14 Day 14 (June 21)

14.1 Announcements

  • Read Ch. 3 in linear models with R (inference)

14.2 Confidence intervals for derived quantities

14.3 Bootstrap confidence intervals

  • Google scholar demonstration

  • Motivation (see section 3.6 in Faraway (2014))

    • Functions of parameters (i.e., “derived” quantities)
    • Difficult to obtain the sampling distribution for non-linear functions of estimated parameters
    • Further reading (Hesterberg 2015)
    • Example: When do we expect the population to go extinct?
    y <- c(63, 68, 61, 44, 103, 90, 107, 105, 76, 46, 60, 66, 58, 39, 64, 29, 37,
    27, 38, 14, 38, 52, 84, 112, 112, 97, 131, 168, 70, 91, 52, 33, 33, 27,
    18, 14, 5, 22, 31, 23, 14, 18, 23, 27, 44, 18, 19)
    year <- 1965:2011
    df <- data.frame(y = y, year = year)
    plot(x = df$year, y = df$y, xlab = "Year", ylab = "Annual count", main = "",
    col = "brown", pch = 20, xlim = c(1965, 2040))
    m1 <- lm(y~year)
    abline(m1)

  • Non-parametric bootstrap (see Efron and Tibshirani (1994)).

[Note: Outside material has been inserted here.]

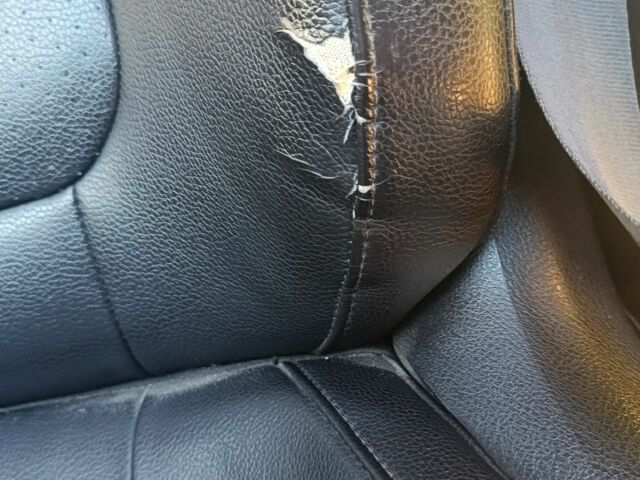 Сірий Фольксваген Джетта, об'ємом двигуна 1.8 л та пробігом 180 тис. км за 8706 $, фото 7 на Automoto.ua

    1. From a data set with n observations, take a sample of size n with replacement. For a linear model, the sample should include both the observed response (\(y_{i}\)) and covariates (\(x_{1}\),\(x_{2}\),…,\(x_{p}\)).
    2. Estimate the parameters for a statistical model using the sampled data from step 1.
    3. Save the estimates of interest. This could be parameters of interest (e.g., \(\boldsymbol{\beta}\)) or a a derived quantity (e.g., \(R^{2}\), \(\frac{1}{\boldsymbol{\beta}}\)).
    4. Repeats steps (1)-(3) \(m\) times.
  • Inference

    • The \(m\) samples of the quantities of interest are samples from the empirical distribution.
    • The empirical distribution can summarized using sample statistics (e.g., quantiles, mean, variance, etc). Conceptually, this is similar to Monte Carlo integration.
  • Example in R

    library(latex2exp)
    # Number of bootstrap samples (m)
    m.boot <- 1000   
    
    # Create matrix to save empirical distribution of -beta2.hat/beta1.hat (expected time of extinction)
    ed.extinct.hat <- matrix(,m.boot,1)
    
    # Set random seed so results are the same if we run it again
    # Results would be different due to random resampling of data
    set.seed(1940)   
    
    # Start for loop for non-parametric boostrap
    for(m in 1:m.boot){
    
      # Sample data with replacement
      # boot.sample gives the rows of df that we use for estimation
      boot.sample <- sample(1:nrow(df),replace=TRUE) 
    
      # Make temporary data frame that contains the resamples
      df.temp <- df[boot.sample,]
    
      # Estimate parameters for df.temp
      m1 <- lm(y~year,data=df.temp)
    
      # Save estimate of -beta0.hat/beta1.hat (expected time of extinction)
      ed.extinct.hat[m,] <- -coef(m1)[1]/coef(m1)[2]
    }
    par(mar=c(5,4,7,2))
    hist(ed.extinct.hat,col="grey",xlab="Year",main=TeX('Empirical distribuiton of $$-$$\\hat{\\frac{$\\beta_0}{$\\beta_1}}'),freq=FALSE,breaks=20)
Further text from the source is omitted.